C’est presque un truisme : les apparences sont aussi trompeuses que la simplicité est biblique et l’ennui profond. Cas d’école avec… Les Apparences, justement (en salles le 23 septembre). On vous annonce un film dont le réalisateur signe aussi le scénario et les dialogues, où il est question de tromperies conjugales au sein de couples bourgeois et où figure Benjamin Biolay : vous vous méfiez. Vous supputez la énième gouttelette d’écume de la nouvelle vague. Mais quelques détails vous convainquent d’aller le voir : cela ne se passe pas dans le 6e arrondissement de Paris, mais à Vienne, en Autriche (avec un peu de chance passeront les fantômes de Zweig, Roth et Schiele) ; la musique est signée Bertrand Burgalat ; Karin Viard est de la partie.

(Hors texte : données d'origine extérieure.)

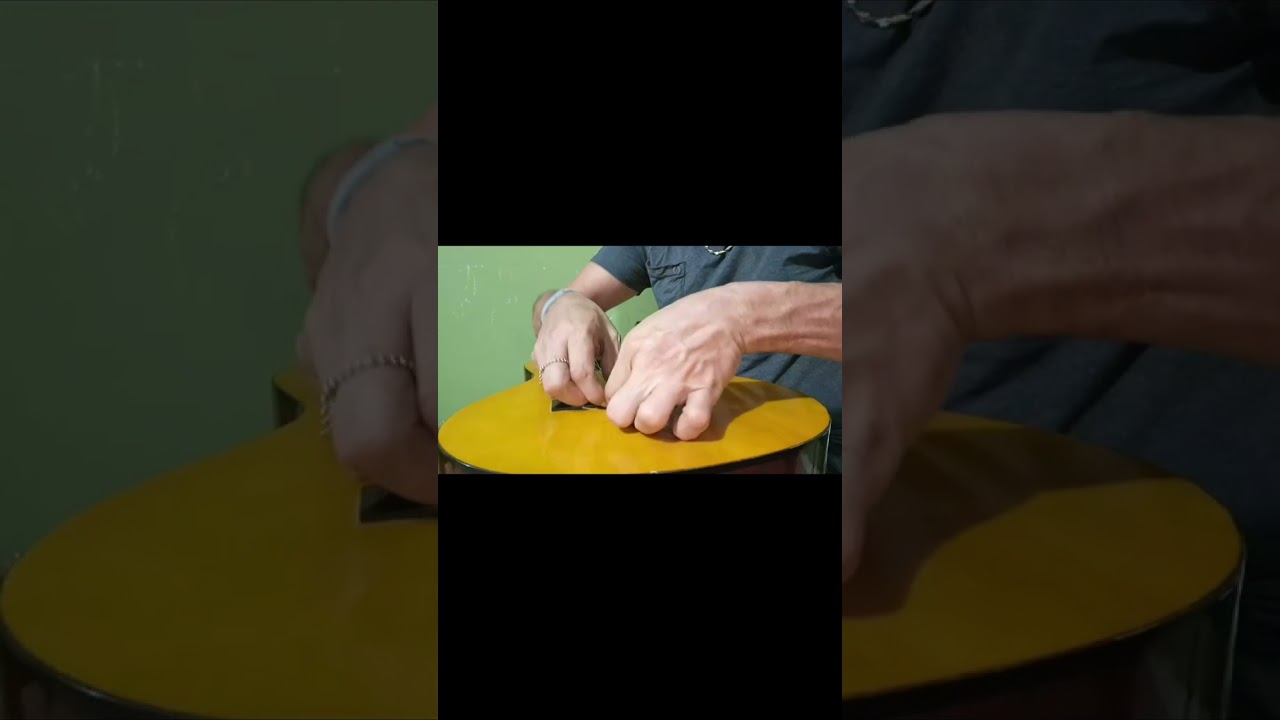 Cómo cambiar cuerdas de guitarra electroacústica  #musica 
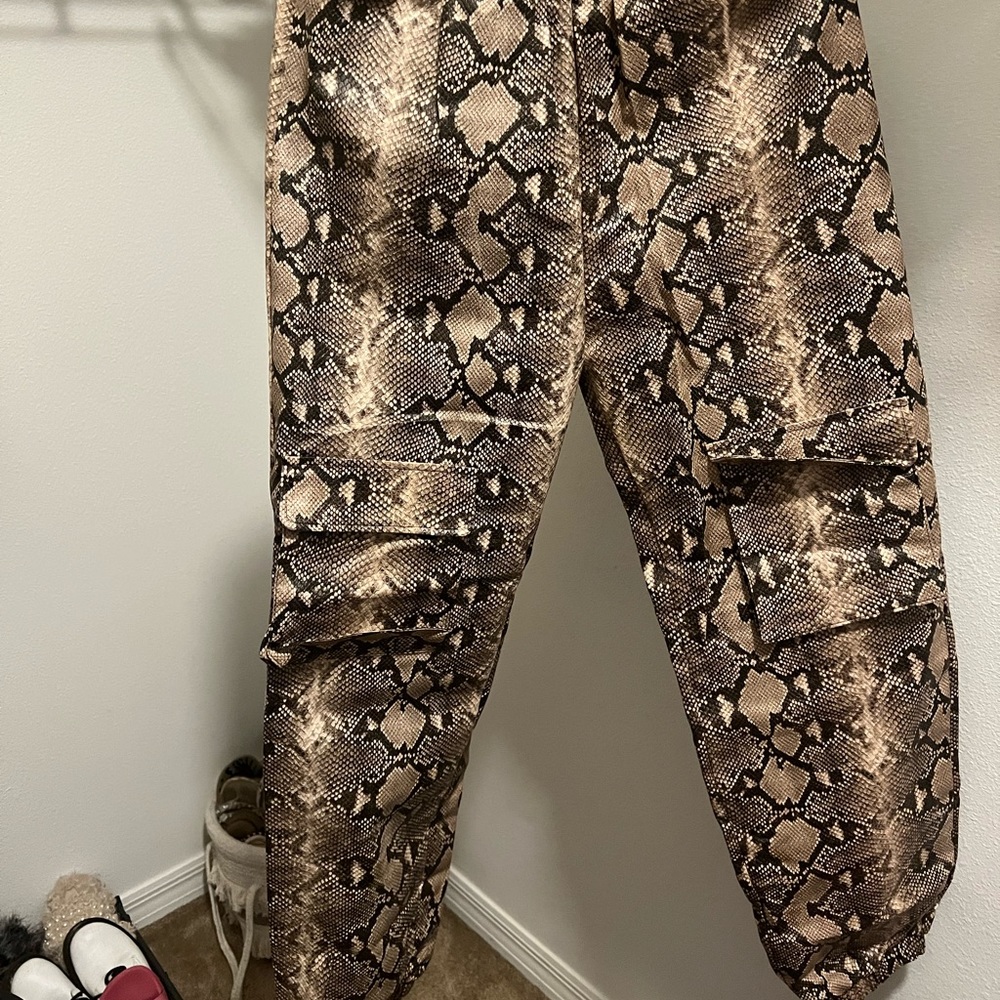Pretty little thing trousers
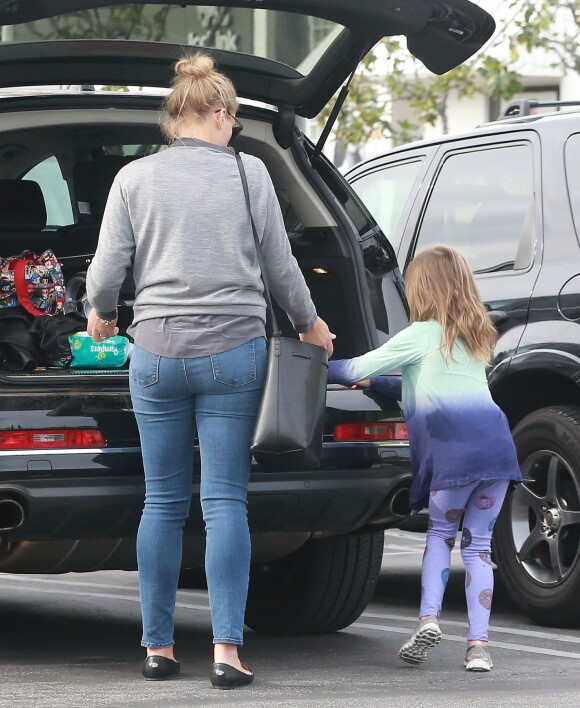 Exclusif - L'actrice Busy Philipps et sa fille Birdie font du shopping chez Fred Segal à West Hollywood, le 18 janvier 2015. 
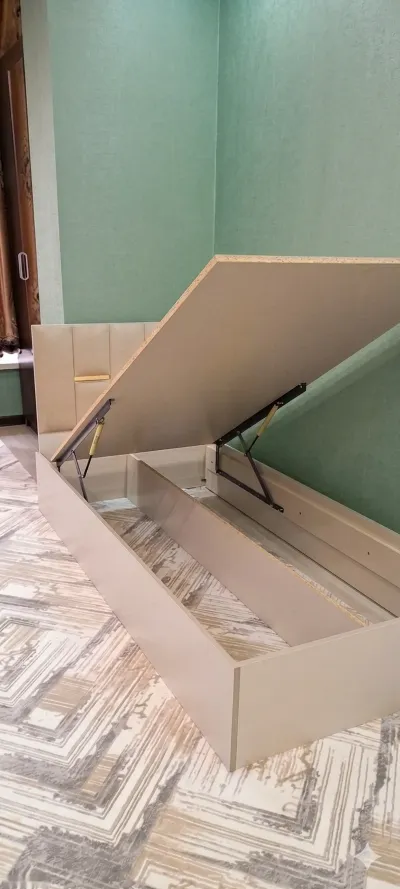 Односпальная кровать с подъёмным механизмом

On avait raison de tenter le diable… et de parier sur une réalité plus engageante que les apparences ne le suggéraient. Débutant comme un banal vaudeville contemporain, le film de Marc Fitoussi dérive lentement mais sûrement, subtilement, vers le drame et le polar. Au fil des scènes, les masques tombent plus sûrement qu’en ce moment dans une salle de classe dès que le prof tourne le dos. Ève préférera-t-elle quitter son mari volage ou s’accrochera-t-elle à une vie, certes humiliante, mais confortable ? Risquera-t-elle de mettre en péril l’air de femme épanouie, accomplie, satisfaite qu’elle veut se donner ? Cédera-t-elle à la tentation de tromper à son tour son mari ? Et si oui, s’en cachera-t-elle ou s’en servira-t-elle pour le rendre jaloux et le reconquérir ? De son côté, Henri oserat-il aller au bout de ses désirs et de ceux de sa jeune maîtresse ? Celle-ci est-elle d’ailleurs vraiment celle qu’elle paraît être ? Et ce Jonas qui tourne autour d’Ève : est-il simplement un jeune homme en quête de cougar ou un harceleur professionnel ? Au-delà des incessantes et réjouissantes chaussetrappes narratives et d’une réflexion sur l’image qu’on renvoie (à soi-même, à ses amis, à la société), il flotte une atmosphère délicieuse de fausse « fête étrange » qui magnifie Les Apparences. Les acteurs, tous admirables (dans la retenue, la morgue, le désespoir, la peur ou le désarroi), y sont pour beaucoup. Et là, ce n’est pas qu’une apparence.